Visiting a barber in another country, while blessedly free of political talk, or any talk at all, presents its own challenges.  When you go to a barber you can't communicate with, it's like a game of Russian Roulette: there's a five in six chance everything will be fine, but there's also that one in six chance your barber thinks you're telling him you want your hair dyed orange.  There are things you can do to reduce the risk.  Like when I lived in Japan, I would have one of the bi-lingual Japanese teachers I worked with write out instructions to the barber on a piece of paper.  I would bring the paper into the barber shop and hand it to the staff of four barbers who would, before cutting my hair, all huddle up, gesture emphatically, and spend about five minutes in heated consultation on how they should deal with my hair as if they were debating who would win the Grand Sumo Tournament. Fortunately, none of the teachers I worked with was a prankster, and they always did their best to represent my wishes faithfully, so I managed to escape my time with Japanese barbers relatively unscathed.

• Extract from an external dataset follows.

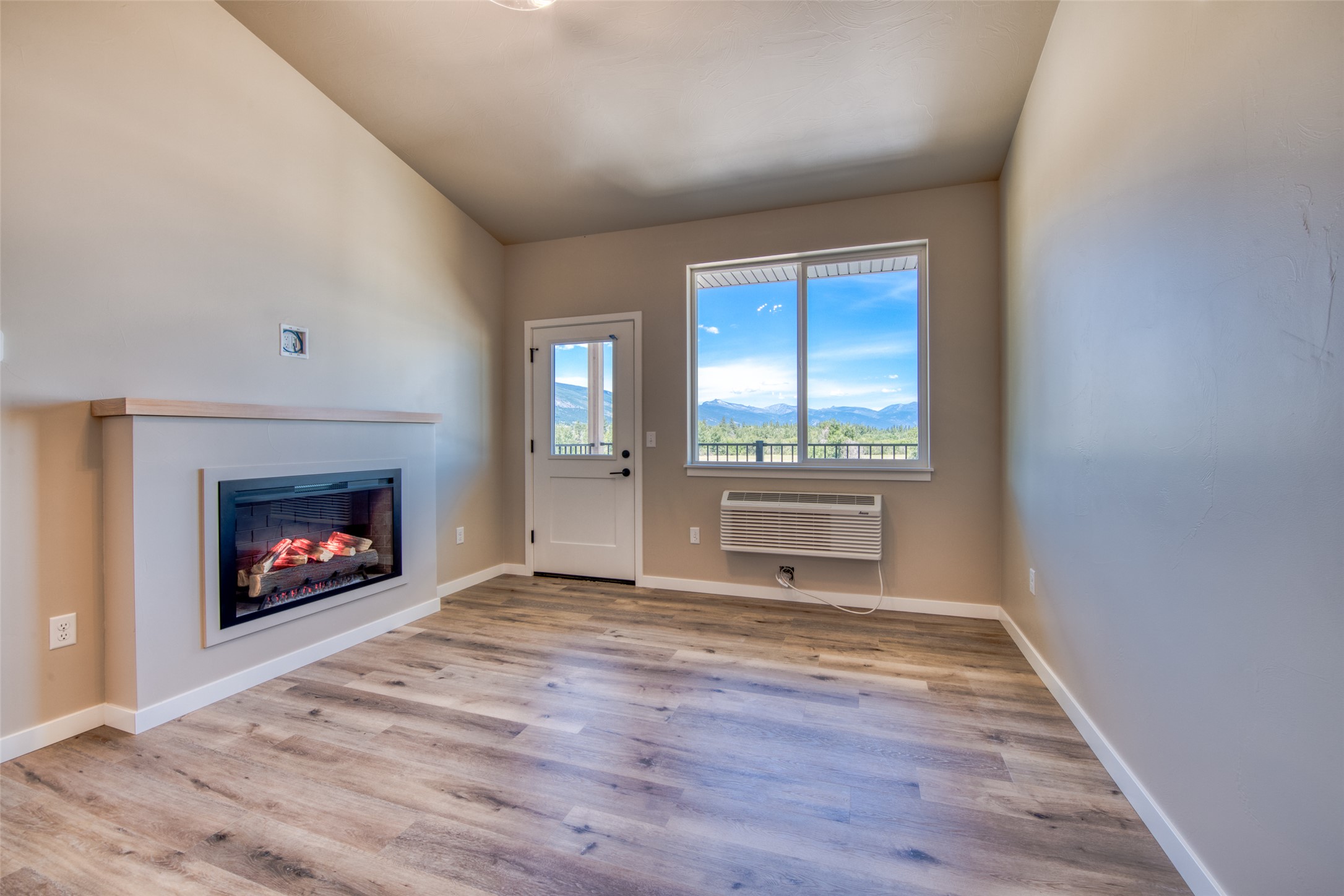 159 Canyon Falls Way 206 — photo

Now you know why I am reluctant to go to the barber, wherever it is I find myself, and why I am always a little anxious before going to get my hair cut.  The first haircutters I visited in Kyrgyzstan were the ones near my apartment.  They weren't barbers, but a group of female hairdressers. Ironically, in the two previous times I had visited they were the ones who found my visits unpleasant, as everyone had a look of consternation whenever I walked into their establishment, as though a potential armed robber had entered their midst. Today, when I stopped by, the entire shop was in a panic to see me.  It turns out the cashier who speaks English and always translates my wishes had the day off.  "Aaaaaah..."  "Eeeeeeeeh..."  "Ohhhhh..." was what they said when they saw me.  "Well, maybe I'll come back later," is what I said just as I was leaving.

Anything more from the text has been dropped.